Problem description - Only one stretch of the records below should be repeated. It starts with the line containing "Slim Fit Windowpane Plaid Pants" and goes on through the line containing "Mid-20th Century Elmwood", exactly as written.

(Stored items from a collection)
....

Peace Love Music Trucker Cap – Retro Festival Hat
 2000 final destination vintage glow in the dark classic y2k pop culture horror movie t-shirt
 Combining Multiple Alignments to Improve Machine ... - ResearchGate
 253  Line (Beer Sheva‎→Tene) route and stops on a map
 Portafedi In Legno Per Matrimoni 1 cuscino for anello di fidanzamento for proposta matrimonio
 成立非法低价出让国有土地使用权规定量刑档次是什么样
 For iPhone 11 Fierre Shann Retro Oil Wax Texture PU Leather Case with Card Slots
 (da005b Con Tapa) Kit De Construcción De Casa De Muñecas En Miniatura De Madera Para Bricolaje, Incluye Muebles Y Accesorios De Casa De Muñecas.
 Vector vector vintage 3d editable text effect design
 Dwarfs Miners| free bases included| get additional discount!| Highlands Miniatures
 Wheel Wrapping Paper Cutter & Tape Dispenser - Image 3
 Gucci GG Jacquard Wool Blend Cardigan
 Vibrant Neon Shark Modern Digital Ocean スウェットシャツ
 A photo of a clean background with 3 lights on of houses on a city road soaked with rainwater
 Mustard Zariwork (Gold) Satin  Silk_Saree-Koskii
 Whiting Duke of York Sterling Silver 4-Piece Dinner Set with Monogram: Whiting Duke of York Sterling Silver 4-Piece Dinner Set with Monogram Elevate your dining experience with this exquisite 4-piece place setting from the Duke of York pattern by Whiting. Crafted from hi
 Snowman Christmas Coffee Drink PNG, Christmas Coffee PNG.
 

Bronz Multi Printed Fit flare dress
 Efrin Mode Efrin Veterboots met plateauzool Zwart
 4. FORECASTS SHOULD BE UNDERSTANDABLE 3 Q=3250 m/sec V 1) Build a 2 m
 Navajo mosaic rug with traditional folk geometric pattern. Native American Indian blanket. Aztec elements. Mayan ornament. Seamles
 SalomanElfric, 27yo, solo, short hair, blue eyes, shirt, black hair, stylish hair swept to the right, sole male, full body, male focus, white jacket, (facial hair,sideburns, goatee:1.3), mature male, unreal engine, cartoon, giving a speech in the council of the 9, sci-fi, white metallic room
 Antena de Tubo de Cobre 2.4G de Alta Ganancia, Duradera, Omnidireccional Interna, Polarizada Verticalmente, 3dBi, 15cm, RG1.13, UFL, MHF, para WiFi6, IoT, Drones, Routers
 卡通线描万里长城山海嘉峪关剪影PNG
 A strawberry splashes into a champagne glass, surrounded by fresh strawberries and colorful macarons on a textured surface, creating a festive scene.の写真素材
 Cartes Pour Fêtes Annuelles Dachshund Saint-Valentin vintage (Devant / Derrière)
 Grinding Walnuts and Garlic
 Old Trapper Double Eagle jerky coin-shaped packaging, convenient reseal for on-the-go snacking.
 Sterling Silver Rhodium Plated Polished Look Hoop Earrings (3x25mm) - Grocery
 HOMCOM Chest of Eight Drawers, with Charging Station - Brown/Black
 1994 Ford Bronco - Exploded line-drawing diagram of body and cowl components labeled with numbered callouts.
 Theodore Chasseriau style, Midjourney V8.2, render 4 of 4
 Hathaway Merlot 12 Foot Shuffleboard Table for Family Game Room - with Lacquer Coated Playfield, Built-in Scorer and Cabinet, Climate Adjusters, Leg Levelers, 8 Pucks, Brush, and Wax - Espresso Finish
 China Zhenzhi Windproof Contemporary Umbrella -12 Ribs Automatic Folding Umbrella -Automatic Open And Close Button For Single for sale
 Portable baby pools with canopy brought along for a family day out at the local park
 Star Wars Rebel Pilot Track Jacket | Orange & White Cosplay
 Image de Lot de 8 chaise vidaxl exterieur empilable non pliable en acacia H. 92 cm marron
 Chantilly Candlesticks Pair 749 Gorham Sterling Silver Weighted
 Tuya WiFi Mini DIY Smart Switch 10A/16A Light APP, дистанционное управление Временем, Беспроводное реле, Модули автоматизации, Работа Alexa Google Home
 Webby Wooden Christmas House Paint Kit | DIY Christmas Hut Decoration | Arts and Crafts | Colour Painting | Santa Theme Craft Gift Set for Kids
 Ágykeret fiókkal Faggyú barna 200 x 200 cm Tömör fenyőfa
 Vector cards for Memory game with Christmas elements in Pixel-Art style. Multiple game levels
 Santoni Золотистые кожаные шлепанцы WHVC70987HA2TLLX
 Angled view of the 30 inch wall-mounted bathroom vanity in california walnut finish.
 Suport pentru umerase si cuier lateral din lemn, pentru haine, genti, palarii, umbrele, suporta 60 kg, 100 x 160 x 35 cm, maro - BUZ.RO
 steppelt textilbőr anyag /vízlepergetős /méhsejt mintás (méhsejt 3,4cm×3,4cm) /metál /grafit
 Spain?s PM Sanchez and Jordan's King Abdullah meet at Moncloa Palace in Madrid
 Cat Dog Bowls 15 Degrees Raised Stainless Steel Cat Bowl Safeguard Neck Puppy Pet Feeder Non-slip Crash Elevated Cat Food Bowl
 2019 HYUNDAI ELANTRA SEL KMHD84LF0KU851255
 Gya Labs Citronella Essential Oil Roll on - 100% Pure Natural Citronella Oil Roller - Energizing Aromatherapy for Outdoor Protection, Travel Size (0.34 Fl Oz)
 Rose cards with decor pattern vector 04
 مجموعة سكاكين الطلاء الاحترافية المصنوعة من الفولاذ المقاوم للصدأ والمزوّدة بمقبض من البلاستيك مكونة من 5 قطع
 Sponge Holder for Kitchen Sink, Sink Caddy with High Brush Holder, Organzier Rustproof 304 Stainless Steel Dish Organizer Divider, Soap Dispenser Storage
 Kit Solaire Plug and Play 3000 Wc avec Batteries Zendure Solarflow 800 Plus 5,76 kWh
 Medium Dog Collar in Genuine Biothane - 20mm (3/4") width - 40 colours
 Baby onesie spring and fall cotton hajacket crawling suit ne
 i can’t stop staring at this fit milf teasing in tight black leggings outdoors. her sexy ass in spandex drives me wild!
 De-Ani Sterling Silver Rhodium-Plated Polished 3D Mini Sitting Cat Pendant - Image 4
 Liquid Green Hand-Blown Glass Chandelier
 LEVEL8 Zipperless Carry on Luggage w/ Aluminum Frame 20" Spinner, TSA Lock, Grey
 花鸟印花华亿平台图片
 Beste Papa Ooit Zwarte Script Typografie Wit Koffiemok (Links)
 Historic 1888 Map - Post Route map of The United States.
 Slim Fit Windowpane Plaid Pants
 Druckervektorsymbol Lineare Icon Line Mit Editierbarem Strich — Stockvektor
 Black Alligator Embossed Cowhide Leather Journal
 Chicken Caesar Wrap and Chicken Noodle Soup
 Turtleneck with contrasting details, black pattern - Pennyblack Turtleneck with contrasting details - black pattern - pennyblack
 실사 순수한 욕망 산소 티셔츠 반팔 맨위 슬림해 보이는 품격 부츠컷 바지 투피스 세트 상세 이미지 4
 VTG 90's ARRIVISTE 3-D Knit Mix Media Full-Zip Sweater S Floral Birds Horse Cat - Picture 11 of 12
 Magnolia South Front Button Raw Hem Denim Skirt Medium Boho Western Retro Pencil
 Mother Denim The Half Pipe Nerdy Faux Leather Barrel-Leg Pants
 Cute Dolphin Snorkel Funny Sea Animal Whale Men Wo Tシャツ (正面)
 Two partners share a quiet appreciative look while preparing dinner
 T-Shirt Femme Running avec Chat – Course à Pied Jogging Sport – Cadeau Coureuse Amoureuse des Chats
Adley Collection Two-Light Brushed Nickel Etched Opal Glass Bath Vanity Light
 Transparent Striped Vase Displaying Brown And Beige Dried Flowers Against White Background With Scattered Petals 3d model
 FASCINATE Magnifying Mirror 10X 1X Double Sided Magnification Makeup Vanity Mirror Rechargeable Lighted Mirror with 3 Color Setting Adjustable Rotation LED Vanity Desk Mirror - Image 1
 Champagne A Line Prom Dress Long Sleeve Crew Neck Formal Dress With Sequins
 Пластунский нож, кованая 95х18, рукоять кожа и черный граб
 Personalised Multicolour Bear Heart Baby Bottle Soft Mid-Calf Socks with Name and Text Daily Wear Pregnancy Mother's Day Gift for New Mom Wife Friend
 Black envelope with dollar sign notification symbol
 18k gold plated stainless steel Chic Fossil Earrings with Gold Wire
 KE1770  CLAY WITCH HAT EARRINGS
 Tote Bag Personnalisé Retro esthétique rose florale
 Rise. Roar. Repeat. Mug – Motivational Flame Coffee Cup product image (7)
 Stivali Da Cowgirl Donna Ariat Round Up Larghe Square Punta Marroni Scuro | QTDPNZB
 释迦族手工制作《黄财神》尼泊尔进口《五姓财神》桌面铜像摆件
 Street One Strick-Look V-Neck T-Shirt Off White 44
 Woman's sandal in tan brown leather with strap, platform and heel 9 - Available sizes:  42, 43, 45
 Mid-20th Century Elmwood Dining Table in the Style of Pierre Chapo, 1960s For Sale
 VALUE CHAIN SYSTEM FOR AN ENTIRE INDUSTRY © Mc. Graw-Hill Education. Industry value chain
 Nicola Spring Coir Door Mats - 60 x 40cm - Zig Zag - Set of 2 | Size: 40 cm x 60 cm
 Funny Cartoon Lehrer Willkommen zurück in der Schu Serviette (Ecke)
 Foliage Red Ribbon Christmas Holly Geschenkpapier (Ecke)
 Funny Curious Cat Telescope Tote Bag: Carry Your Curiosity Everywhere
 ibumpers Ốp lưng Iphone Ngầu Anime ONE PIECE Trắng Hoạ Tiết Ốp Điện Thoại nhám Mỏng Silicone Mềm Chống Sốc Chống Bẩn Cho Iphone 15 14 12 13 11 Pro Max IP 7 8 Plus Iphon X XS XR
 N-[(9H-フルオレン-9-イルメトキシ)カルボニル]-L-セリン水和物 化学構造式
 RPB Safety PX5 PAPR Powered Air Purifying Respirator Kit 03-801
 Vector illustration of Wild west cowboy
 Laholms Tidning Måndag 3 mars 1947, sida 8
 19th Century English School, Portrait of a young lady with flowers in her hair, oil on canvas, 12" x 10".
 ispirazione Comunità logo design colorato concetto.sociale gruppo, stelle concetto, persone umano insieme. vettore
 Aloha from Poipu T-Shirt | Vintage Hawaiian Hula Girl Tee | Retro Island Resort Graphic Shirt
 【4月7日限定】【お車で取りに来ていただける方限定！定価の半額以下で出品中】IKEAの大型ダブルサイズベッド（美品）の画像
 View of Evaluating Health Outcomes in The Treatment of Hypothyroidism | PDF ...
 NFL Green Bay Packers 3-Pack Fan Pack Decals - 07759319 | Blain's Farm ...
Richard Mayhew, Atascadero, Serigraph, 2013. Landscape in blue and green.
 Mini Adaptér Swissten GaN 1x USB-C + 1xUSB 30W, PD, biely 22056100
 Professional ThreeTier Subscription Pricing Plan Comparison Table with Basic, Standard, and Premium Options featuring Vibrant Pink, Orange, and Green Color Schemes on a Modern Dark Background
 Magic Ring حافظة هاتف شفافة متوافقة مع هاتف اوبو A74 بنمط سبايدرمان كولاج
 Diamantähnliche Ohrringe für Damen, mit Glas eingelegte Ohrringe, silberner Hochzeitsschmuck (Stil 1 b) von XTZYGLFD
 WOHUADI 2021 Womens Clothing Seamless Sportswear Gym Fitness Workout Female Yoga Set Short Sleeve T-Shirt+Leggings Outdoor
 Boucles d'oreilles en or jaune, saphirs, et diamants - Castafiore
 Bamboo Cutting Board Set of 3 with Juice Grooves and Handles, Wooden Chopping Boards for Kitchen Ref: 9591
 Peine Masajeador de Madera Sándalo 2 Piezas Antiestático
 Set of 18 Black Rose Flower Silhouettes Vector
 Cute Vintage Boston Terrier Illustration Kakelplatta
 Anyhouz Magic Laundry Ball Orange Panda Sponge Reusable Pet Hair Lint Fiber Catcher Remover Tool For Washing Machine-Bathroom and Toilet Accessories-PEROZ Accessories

....

Exercise response -
 Slim Fit Windowpane Plaid Pants
 Druckervektorsymbol Lineare Icon Line Mit Editierbarem Strich — Stockvektor
 Black Alligator Embossed Cowhide Leather Journal
 Chicken Caesar Wrap and Chicken Noodle Soup
 Turtleneck with contrasting details, black pattern - Pennyblack Turtleneck with contrasting details - black pattern - pennyblack
 실사 순수한 욕망 산소 티셔츠 반팔 맨위 슬림해 보이는 품격 부츠컷 바지 투피스 세트 상세 이미지 4
 VTG 90's ARRIVISTE 3-D Knit Mix Media Full-Zip Sweater S Floral Birds Horse Cat - Picture 11 of 12
 Magnolia South Front Button Raw Hem Denim Skirt Medium Boho Western Retro Pencil
 Mother Denim The Half Pipe Nerdy Faux Leather Barrel-Leg Pants
 Cute Dolphin Snorkel Funny Sea Animal Whale Men Wo Tシャツ (正面)
 Two partners share a quiet appreciative look while preparing dinner
 T-Shirt Femme Running avec Chat – Course à Pied Jogging Sport – Cadeau Coureuse Amoureuse des Chats
Adley Collection Two-Light Brushed Nickel Etched Opal Glass Bath Vanity Light
 Transparent Striped Vase Displaying Brown And Beige Dried Flowers Against White Background With Scattered Petals 3d model
 FASCINATE Magnifying Mirror 10X 1X Double Sided Magnification Makeup Vanity Mirror Rechargeable Lighted Mirror with 3 Color Setting Adjustable Rotation LED Vanity Desk Mirror - Image 1
 Champagne A Line Prom Dress Long Sleeve Crew Neck Formal Dress With Sequins
 Пластунский нож, кованая 95х18, рукоять кожа и черный граб
 Personalised Multicolour Bear Heart Baby Bottle Soft Mid-Calf Socks with Name and Text Daily Wear Pregnancy Mother's Day Gift for New Mom Wife Friend
 Black envelope with dollar sign notification symbol
 18k gold plated stainless steel Chic Fossil Earrings with Gold Wire
 KE1770  CLAY WITCH HAT EARRINGS
 Tote Bag Personnalisé Retro esthétique rose florale
 Rise. Roar. Repeat. Mug – Motivational Flame Coffee Cup product image (7)
 Stivali Da Cowgirl Donna Ariat Round Up Larghe Square Punta Marroni Scuro | QTDPNZB
 释迦族手工制作《黄财神》尼泊尔进口《五姓财神》桌面铜像摆件
 Street One Strick-Look V-Neck T-Shirt Off White 44
 Woman's sandal in tan brown leather with strap, platform and heel 9 - Available sizes:  42, 43, 45
 Mid-20th Century Elmwood Dining Table in the Style of Pierre Chapo, 1960s For Sale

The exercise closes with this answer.